*** RECORDS SUPPLIED Section Begins ***
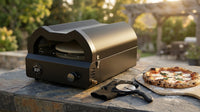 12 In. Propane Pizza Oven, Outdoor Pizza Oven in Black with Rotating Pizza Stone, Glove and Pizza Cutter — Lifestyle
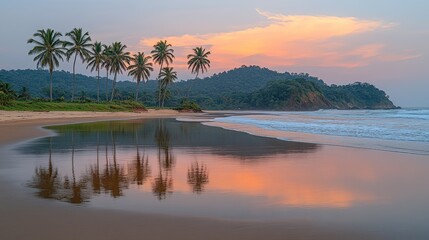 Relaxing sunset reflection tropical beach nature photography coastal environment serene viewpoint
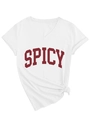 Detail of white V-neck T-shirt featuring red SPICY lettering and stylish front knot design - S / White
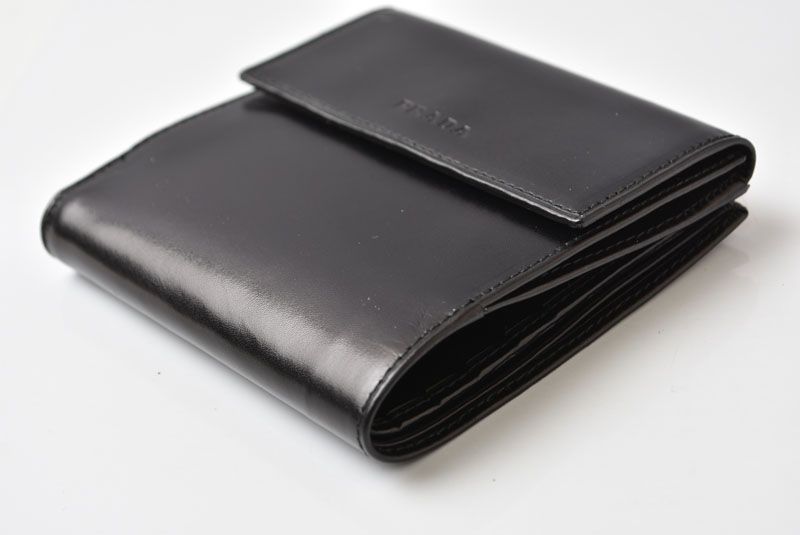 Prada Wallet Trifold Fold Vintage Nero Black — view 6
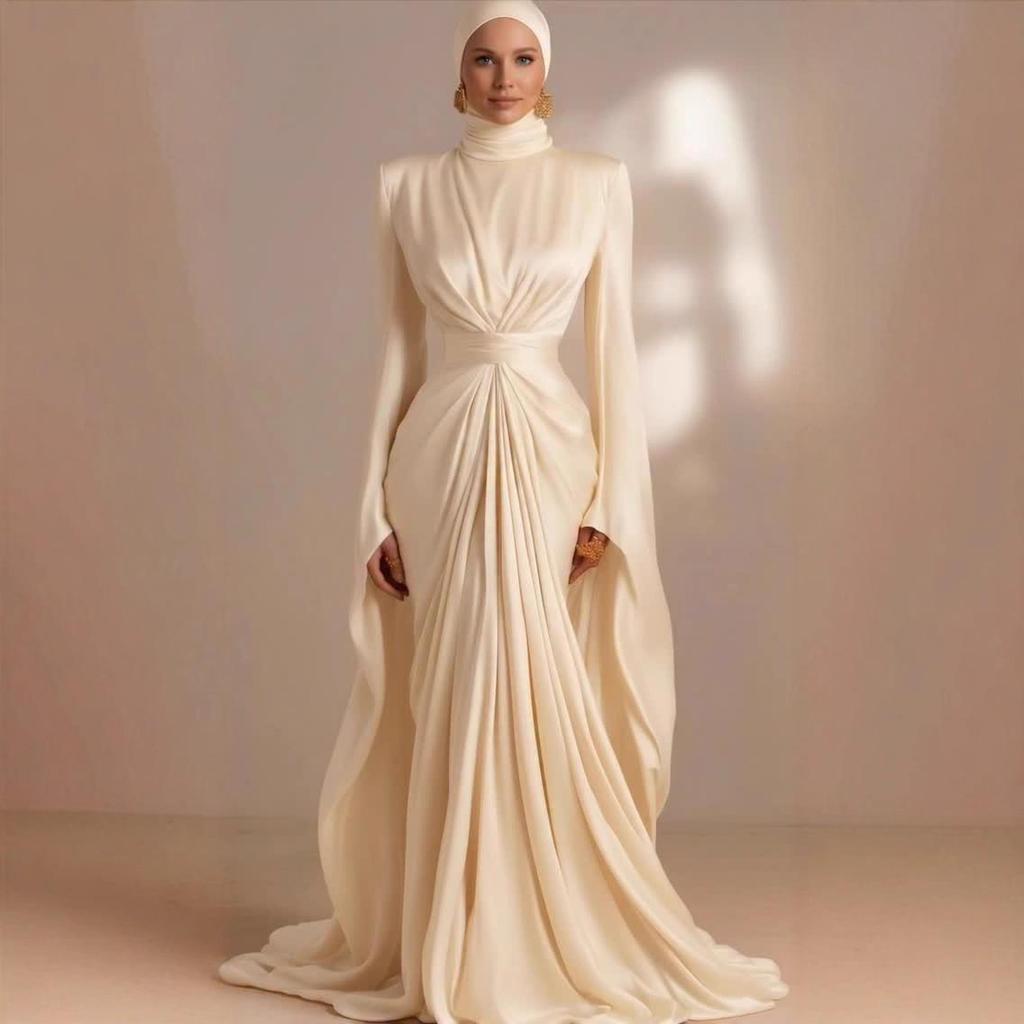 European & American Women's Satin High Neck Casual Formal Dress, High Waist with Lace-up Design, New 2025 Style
*** RECORDS SUPPLIED Section Ends ***
WHAT YOU NEED TO DO:
Print out the entries above word for word from the first line to the line containing "Detail of white", both included, omitting the pictures.

FINAL ANSWER:
 12 In. Propane Pizza Oven, Outdoor Pizza Oven in Black with Rotating Pizza Stone, Glove and Pizza Cutter — Lifestyle
 Relaxing sunset reflection tropical beach nature photography coastal environment serene viewpoint
 Detail of white V-neck T-shirt featuring red SPICY lettering and stylish front knot design - S / White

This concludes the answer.